Ce pacte marque le début de la relation franco-africaine entre François Mitterrand et Félix Houphouët-Boigny. En 1955, les formations politiques des deux hommes se rapprochent pour constituer un groupe parlementaire commun. À l’issue des élections législatives de 1956, le groupe parvient à intégrer le gouvernement de Guy Mollet : Mitterrand est nommé ministre de la Justice et Houphouët devient ministre délégué à la Présidence du Conseil. Ensemble, ils promeuvent la création d’une Communauté franco-africaine et s’opposent aux indépendances.

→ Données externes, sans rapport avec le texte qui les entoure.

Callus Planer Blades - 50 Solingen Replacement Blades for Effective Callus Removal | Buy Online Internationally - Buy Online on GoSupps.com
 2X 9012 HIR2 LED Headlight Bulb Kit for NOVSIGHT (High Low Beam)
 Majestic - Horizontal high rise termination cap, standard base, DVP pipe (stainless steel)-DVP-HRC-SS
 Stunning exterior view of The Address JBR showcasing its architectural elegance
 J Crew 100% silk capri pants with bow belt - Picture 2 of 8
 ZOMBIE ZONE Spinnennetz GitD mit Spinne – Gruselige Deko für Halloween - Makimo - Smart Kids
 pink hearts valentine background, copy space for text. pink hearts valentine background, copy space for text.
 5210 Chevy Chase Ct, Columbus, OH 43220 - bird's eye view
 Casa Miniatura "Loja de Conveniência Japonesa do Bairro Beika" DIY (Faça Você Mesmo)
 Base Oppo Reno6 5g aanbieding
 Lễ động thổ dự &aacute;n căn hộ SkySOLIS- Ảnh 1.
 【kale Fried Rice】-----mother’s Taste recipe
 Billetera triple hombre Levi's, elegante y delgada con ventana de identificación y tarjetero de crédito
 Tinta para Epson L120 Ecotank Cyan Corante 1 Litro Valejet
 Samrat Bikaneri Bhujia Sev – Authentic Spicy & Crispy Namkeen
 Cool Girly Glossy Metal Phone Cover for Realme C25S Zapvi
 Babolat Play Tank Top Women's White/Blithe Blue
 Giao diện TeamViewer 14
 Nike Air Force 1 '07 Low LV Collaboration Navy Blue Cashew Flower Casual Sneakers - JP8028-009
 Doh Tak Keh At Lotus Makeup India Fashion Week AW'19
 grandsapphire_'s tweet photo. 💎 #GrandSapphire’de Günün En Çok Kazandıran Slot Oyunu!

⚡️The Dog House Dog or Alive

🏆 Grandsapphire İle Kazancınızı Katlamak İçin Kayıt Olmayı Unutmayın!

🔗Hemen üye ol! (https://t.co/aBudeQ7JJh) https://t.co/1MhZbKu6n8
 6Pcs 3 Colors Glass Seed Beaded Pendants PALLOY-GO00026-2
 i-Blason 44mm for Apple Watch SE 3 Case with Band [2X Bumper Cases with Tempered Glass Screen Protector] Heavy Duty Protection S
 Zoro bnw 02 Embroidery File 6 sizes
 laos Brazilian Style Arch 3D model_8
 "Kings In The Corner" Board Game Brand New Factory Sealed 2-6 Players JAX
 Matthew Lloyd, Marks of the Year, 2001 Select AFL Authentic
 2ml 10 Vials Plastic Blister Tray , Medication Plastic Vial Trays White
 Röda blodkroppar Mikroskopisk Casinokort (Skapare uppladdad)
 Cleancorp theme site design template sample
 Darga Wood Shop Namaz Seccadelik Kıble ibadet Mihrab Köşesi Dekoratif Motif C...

Comme il l’explique dans son livre Aux frontières de l’Union française,  Mitterrand est convaincu que la France doit consolider sa présence en Afrique contre les concurrences étrangères et les revendications indépendantistes de certains colonisés. Pour ce faire, la métropole devrait réformer son système colonial pour évoluer vers un modèle fédéraliste. Ce vœu se concrétise en partie avec la loi-cadre Defferre de 1956, qui instaure des conseils de gouvernement élus au suffrage universel dans les territoires africains.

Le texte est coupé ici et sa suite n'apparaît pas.